En las secciones de su libro que tratan acerca de los mercados de emisiones de gases efecto invernadero (como dióxido de carbono y metano), mostró que la economía estadounidense bajo el gobierno de G. Bush, y que los burócratas del Protocolo de Kyoto (para la supuesta defensa del medio ambiente), fomentaron el mercado de emisiones de gases efecto invernadero (los famosos bonos de carbono):  una compañía o un país desarrollado con gran necesidad de emitir cantidades adicionales y crecientes de estos gases, podría comprar cuotas adicionales a un país subdesarrollado y con pocas emisiones para, supuestamente, alcanzar un equilibrio, y lograr una reducción global de las emisiones a través de la mágica mano invisible del mercado.

Sandel, sin ser economista, entendió muy bien el problema de los recursos comunes: afirmó que a los cielos no les importa si en un lugar del planeta se emite menos y en otro más, pues el tema ambiental no es el de una ridícula transacción micro-económica. Los gases efecto invernadero se han acumulado desde inicios de la primera revolución industrial hasta hoy, y la atmósfera es nuestro recurso común: en cualquier punto del planeta resulta nociva y crecientemente perjudicial una nueva emisión de gases efecto invernadero.

El profesor Sandel, como un recursivo pedagogo, muestra que estos mercados de emisiones son tan engañosos como el de un marido infiel que engaña a su esposa con una amante en Ámsterdam, y para remediar el daño incentiva monetariamente a un sujeto fiel en Lima para que continúe con la fidelidad a su esposa. Hace referencia a un sitio web en donde se muestra el ridículo de los mercados de emisiones y el de los amamantes infieles, el link es: 

Dos lecciones, en particular para algunos de nuestros ambientalistas que simpatizan con las “soluciones de mercado” son estas.

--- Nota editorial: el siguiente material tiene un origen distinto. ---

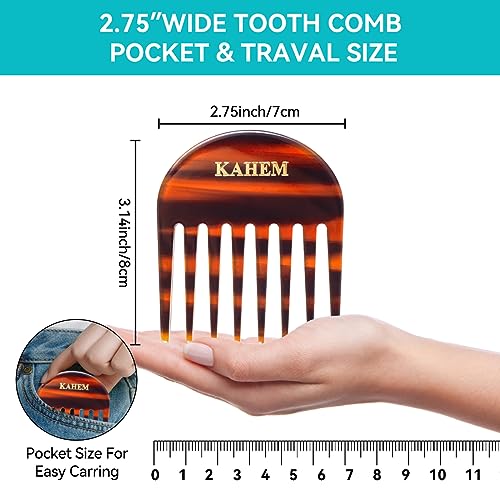KAHEM Handmade Small Wide Tooth Comb for Curly Hair, Pocket Size, Unbreakable, 1PCS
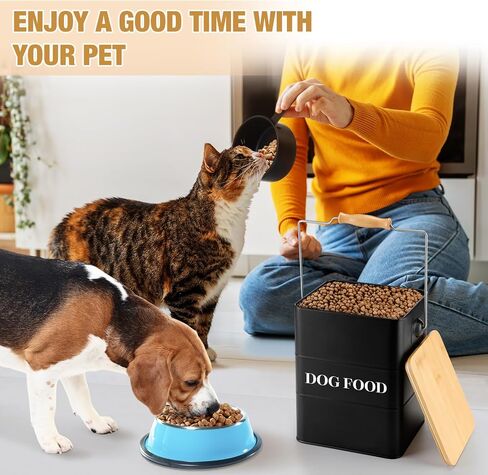 Tioncy 2 Pcs Metal Dog and Cat Food Storage Containers Big Pet Food Containers with Bamboo Lids and Spoon Airtight 5-7 Lbs Dog Cat Treat Snack Jars with DIY Labels for Kitchen Counter(Black) in Saudi Arabia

Primera: si los gobiernos latinoamericanos pudiesen preservar el Amazonas con incentivos monetarios de las grandes potencias contaminantes como Estados Unidos y China, y a cambio estas continuaran e incrementaran sus emisiones, el planeta y la humanidad estarían aún peor que hoy.

Segunda: aún si lográsemos castigar a las empresas mineras y petroleras con impuestos y elevadas regalías estatales (como lo han hecho en Ecuador y Bolivia), y el dinero fuese invertido en infraestructura y economía del conocimiento (el mal llamado capital humano), la economía colombiana y, en especial su medio ambiente, estarían peor debido a los daños irreparables y a la contaminación que no se pueden reversar ni reparar.

Al final queda un sabor agridulce pues notables académicos (keynesianos a la antigua) como P. Krugman, el profesor Sandel, y el ultra-neoliberal M. Friedman han coincidido en una fórmula un tanto distinta a los mercados de emisiones, que es la de un impuesto (o multa) a los emisores de CO2.  Este tipo de impuesto corresponde al principio de la sustitución, presente en el trabajo del neoclásico economista Pigou (¡quien contamina paga!), pero el problema es que los impuestos, aunque cuantiosos, no permiten remediar el daño irreparable causado a la naturaleza. Aunque, quizás, un muy elevado impuesto (o un tributo de carácter expropiatorio como los sugeridos por Henry George en contra de los rentistas), podría ser un mecanismo de disuasión en contra de los contaminadores.